Avant tout, il faut savoir que Bonnie and Clyde est réputé pour être un film culte mais aussi le tout premier succès du Nouvel Hollywood, un mouvement cinématographique américain de la fin des années 1960 au début des années 1980 qui modernise de façon significative la production de films à Hollywood. Ce cinéma est influencé par divers courants cinématographiques européens telle que le néoréalisme italien et la Nouvelle Vague française. Ainsi, alors qu’au lendemain de la Seconde Guerre mondiale c’est plutôt les cinéastes français qui s’enthousiasment à la découverte du cinéma américain, retournement de situation car ce sont maintenant les réalisateurs américains qui viennent puiser chez nous des idées nouvelles. Une des raisons parmi lesquelles on qualifie souvent Bonnie and Clyde comme le plus français des films américains. C’est d’ailleurs François Truffaut qui devait tenir le rôle de Bonnie à l’origine mais il préféra se consacrer au tournage de son film Fahrenheit 451. Le Nouvel Hollywood se caractérise donc par la prise de pouvoir des réalisateurs au sein des grands studios américains et la représentation radicale de thèmes jusqu’alors tabous comme la violence, la corruption politique ou encore la sexualité. Bien qu’elle soit relativement courte, cette période est considérée comme l’une des phases les plus importantes du cinéma américain. Et c’est là que l’importance du film prend tout son sens car elle est tout simplement l’œuvre fondatrice de ce nouveau mouvement qui révèlera plus tard de nombreux artistes tels que Steven Spielberg, George Lucas ou encore Francis Ford Coppola qu’on ne présente plus.
Alors c’est bien beau tout ça. Mais qui est ce célèbre couple qui fait tant parler de lui et inspire encore bon nombre d’artistes aujourd’hui ?
Bonnie Parker & Clyde Barrow, deux jeunes Américains originaires du Texas se rencontrent par hasard en janvier 1930. Elle, serveuse, et lui, fumeur de cigares coiffé d’un béret, s’associent rapidement pour devenir le plus célèbre couple de criminels américains à la tête du gang Barrow fondé par Clyde. Durant la période de la Grande Dépression, ils multiplient braquages et cambriolages, tuant au passage une quinzaine de personnes, le tout au nez et à la barbe des autorités. Puis, fin mai 1934, le couple est pris dans une embuscade. L’une des plus folles épopées qu’ait connu l’Amérique prend fin : Bonnie Parker et Clyde Burrow trouvent la mort dans un piège détenu par un ancien gendarme nommé Frank Hamer devenu légendaire depuis.

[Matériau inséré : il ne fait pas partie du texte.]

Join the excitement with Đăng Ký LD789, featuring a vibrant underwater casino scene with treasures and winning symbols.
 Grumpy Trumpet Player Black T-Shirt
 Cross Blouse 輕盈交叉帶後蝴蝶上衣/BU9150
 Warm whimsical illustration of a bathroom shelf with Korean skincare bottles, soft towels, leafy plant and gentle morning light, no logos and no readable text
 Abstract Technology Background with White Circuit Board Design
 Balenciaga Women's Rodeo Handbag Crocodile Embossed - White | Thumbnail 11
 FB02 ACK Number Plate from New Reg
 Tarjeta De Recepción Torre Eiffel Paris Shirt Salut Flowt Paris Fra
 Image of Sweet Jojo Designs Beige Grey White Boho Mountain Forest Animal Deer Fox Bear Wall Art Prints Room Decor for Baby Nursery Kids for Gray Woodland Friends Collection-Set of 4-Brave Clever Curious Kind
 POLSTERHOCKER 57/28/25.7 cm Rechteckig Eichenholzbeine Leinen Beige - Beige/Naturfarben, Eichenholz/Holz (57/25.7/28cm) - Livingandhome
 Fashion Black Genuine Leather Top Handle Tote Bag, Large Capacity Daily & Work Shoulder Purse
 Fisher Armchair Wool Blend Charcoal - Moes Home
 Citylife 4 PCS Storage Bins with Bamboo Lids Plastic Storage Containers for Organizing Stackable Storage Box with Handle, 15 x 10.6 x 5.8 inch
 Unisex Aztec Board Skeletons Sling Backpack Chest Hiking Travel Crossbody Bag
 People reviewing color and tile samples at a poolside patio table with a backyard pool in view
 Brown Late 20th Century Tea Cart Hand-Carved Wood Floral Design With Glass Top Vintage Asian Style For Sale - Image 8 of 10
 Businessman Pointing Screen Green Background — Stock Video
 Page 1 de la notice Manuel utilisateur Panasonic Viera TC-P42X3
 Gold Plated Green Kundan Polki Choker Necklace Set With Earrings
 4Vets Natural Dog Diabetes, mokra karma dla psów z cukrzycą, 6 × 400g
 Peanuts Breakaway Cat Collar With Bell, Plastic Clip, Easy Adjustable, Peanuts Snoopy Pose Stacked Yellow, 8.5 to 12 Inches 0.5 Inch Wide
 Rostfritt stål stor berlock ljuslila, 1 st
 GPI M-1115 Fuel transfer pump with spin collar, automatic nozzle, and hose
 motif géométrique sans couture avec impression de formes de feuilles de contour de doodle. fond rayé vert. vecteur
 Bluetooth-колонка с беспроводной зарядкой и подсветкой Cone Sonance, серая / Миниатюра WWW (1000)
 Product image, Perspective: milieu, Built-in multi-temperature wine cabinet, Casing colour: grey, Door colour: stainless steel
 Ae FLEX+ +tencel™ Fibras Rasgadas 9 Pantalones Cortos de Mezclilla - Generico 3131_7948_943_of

Ainsi, le long-métrage d’Arthur Penne dépeint les péripéties de nos deux protagonistes en débutant avec leur rencontre fortuite puis l’initiation directe au crime de Bonnie par Clyde. Bonnie fin prête à l’aventure le duo entame ses méfaits et devient vite complémentaire, les connaissances de l’un s’ajoutant à la débrouillardise de l’autre. S’ensuit l’enrôlement du frère de Clyde et de sa femme dans le gang Barrow fondé par Clyde et le destin tragique que l’on connaît tous.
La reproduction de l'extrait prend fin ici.